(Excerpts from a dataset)
^^^^^^^^

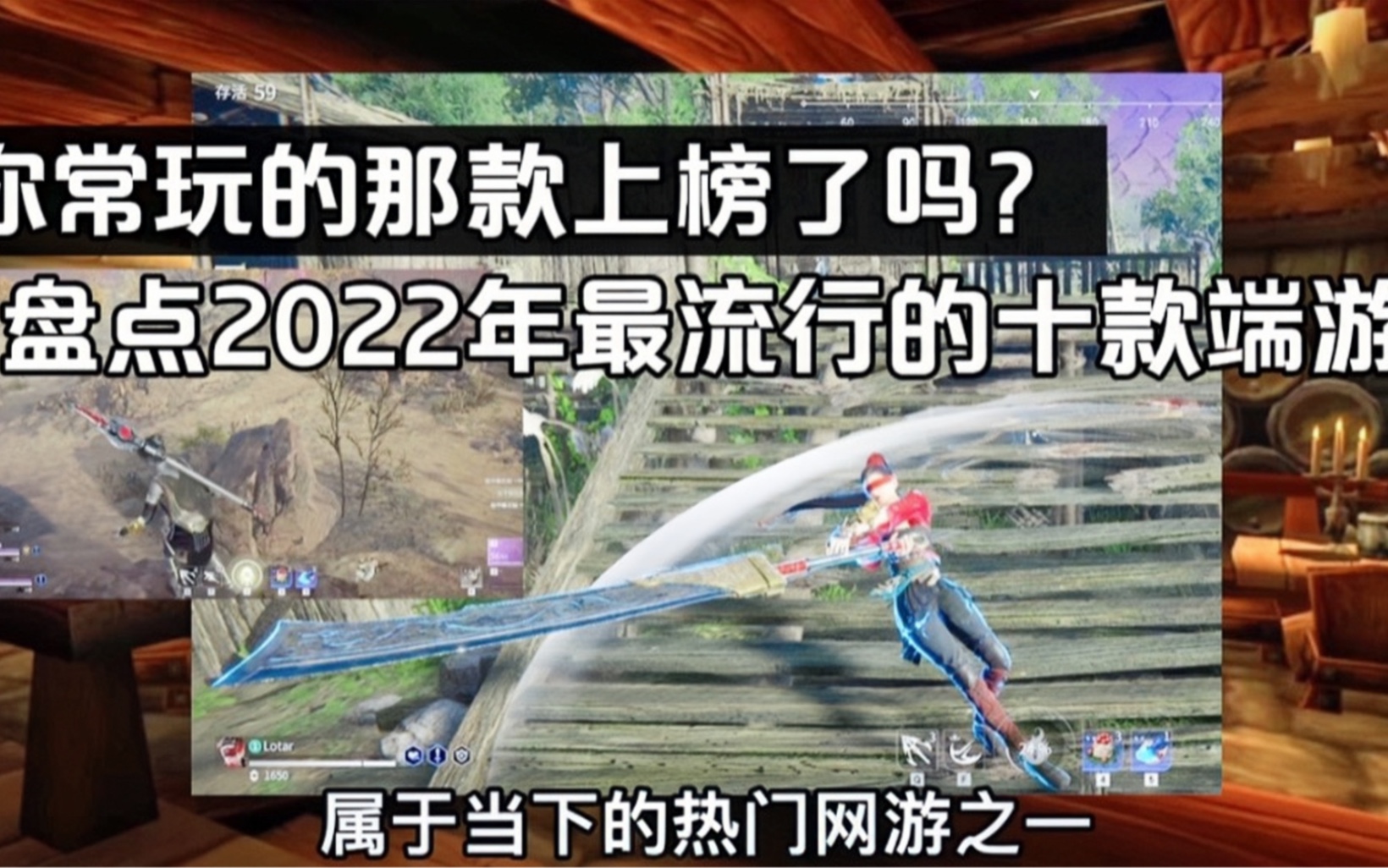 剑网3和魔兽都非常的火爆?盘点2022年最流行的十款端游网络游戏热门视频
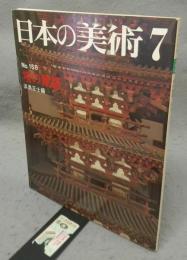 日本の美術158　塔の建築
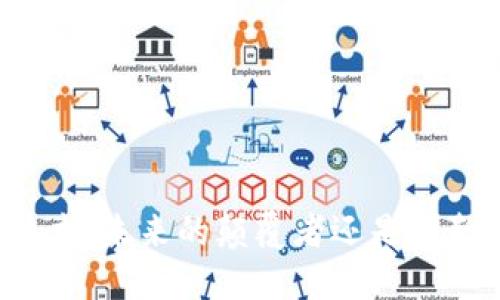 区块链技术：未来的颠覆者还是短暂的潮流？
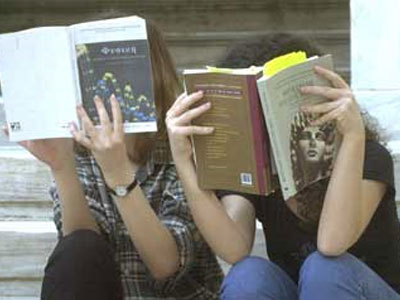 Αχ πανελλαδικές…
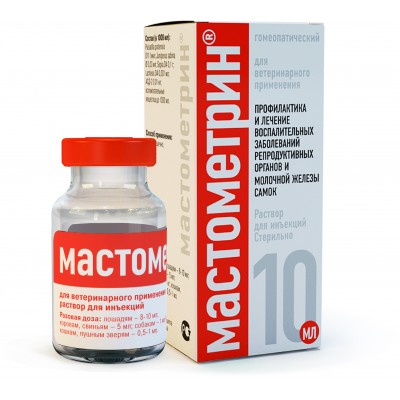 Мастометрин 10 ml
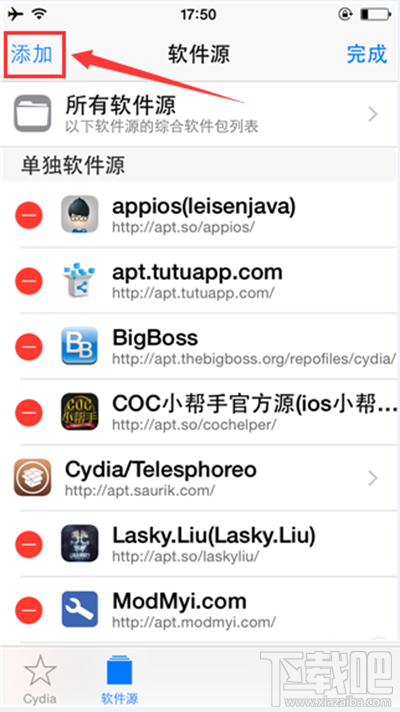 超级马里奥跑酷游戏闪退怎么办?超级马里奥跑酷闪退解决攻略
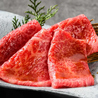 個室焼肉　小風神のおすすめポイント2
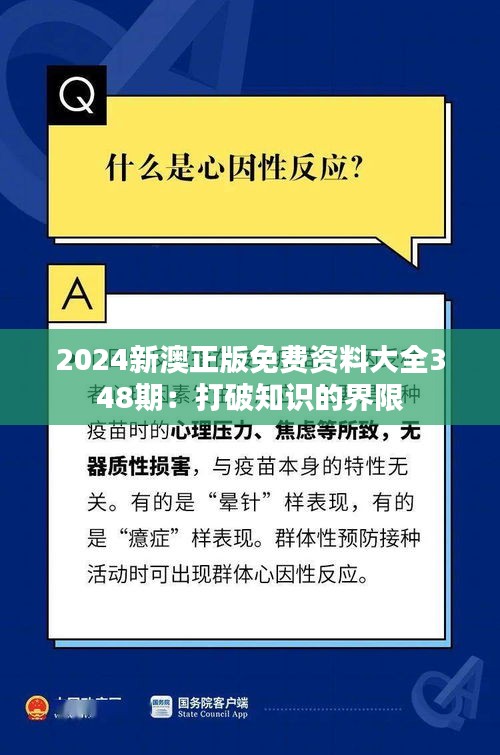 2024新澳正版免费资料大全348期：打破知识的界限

^^^^^^^^

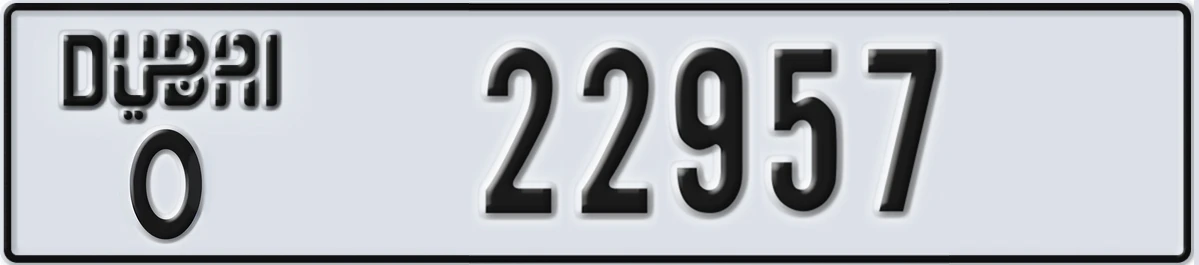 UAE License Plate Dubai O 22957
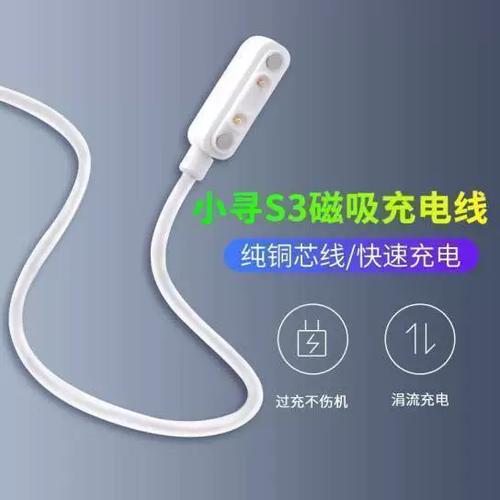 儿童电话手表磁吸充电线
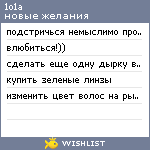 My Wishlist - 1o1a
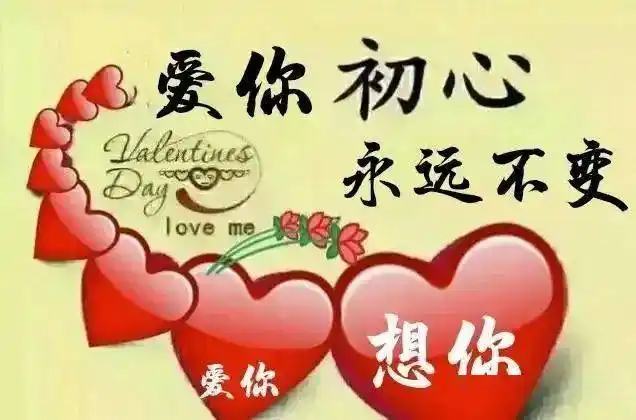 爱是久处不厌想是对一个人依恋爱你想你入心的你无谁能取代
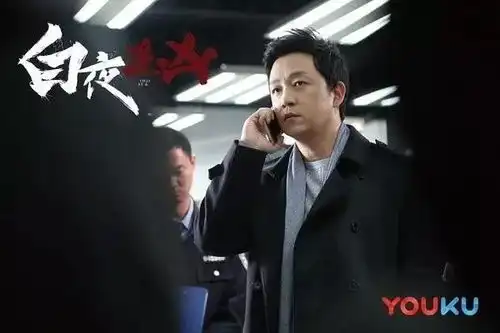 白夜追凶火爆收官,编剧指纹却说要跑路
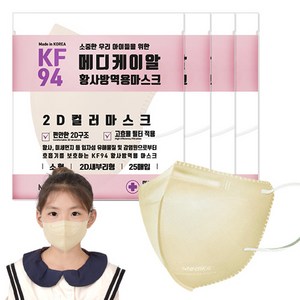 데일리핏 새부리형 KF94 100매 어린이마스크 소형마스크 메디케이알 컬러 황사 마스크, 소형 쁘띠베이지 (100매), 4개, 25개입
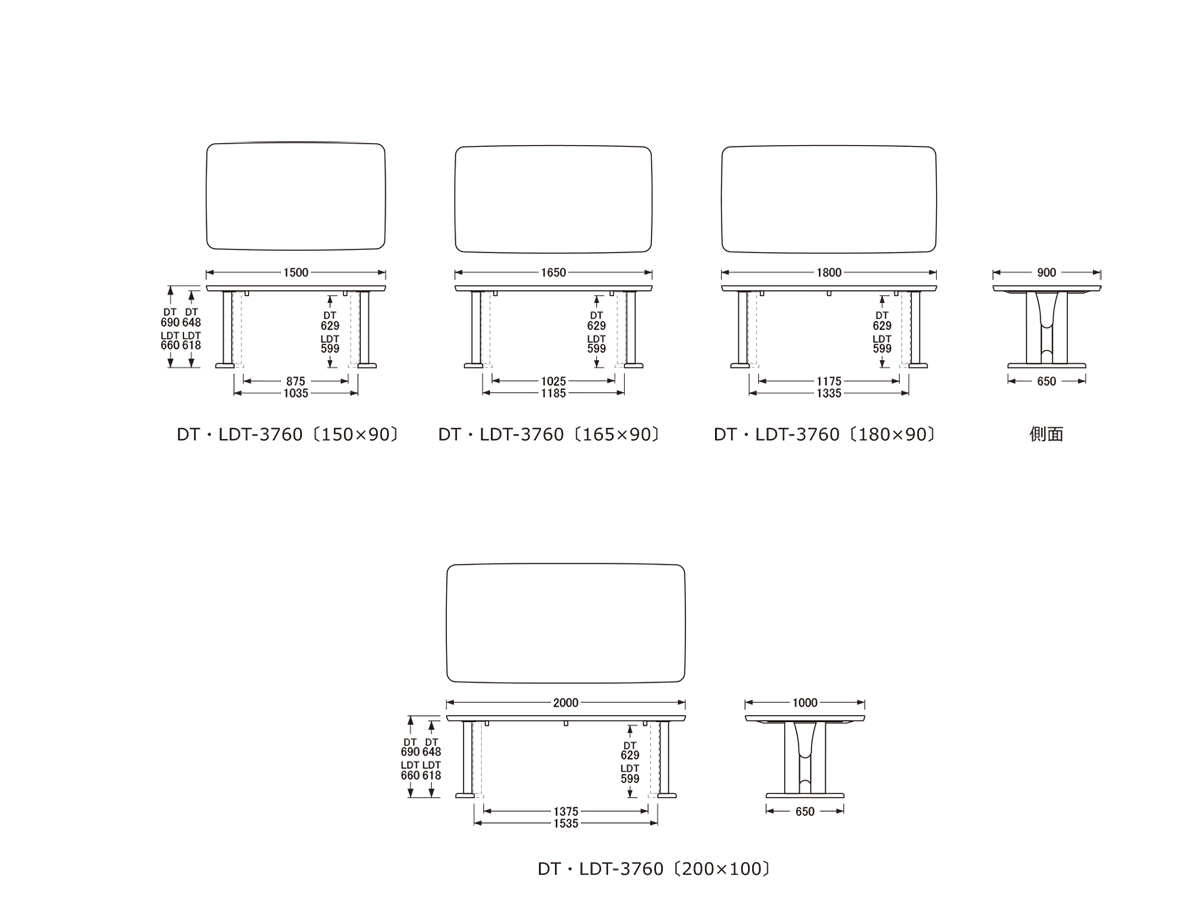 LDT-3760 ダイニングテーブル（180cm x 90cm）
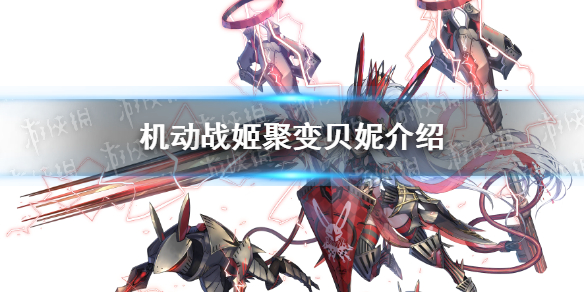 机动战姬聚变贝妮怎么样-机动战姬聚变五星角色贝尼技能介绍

^^^^^^^^

▸ **ACTIVITY**: Go to the line above that has "区块链技术：未来的颠覆者还是短暂的潮流？" and copy exactly from there down to the line that has "2024新澳正版免费资料大全348期：打破知识的界限", both included. Leave the pictures out.

▸ **FINAL ANSWER**:
 区块链技术：未来的颠覆者还是短暂的潮流？
 Αχ πανελλαδικές…
 Мастометрин 10 ml
 超级马里奥跑酷游戏闪退怎么办?超级马里奥跑酷闪退解决攻略
 個室焼肉　小風神のおすすめポイント2
 2024新澳正版免费资料大全348期：打破知识的界限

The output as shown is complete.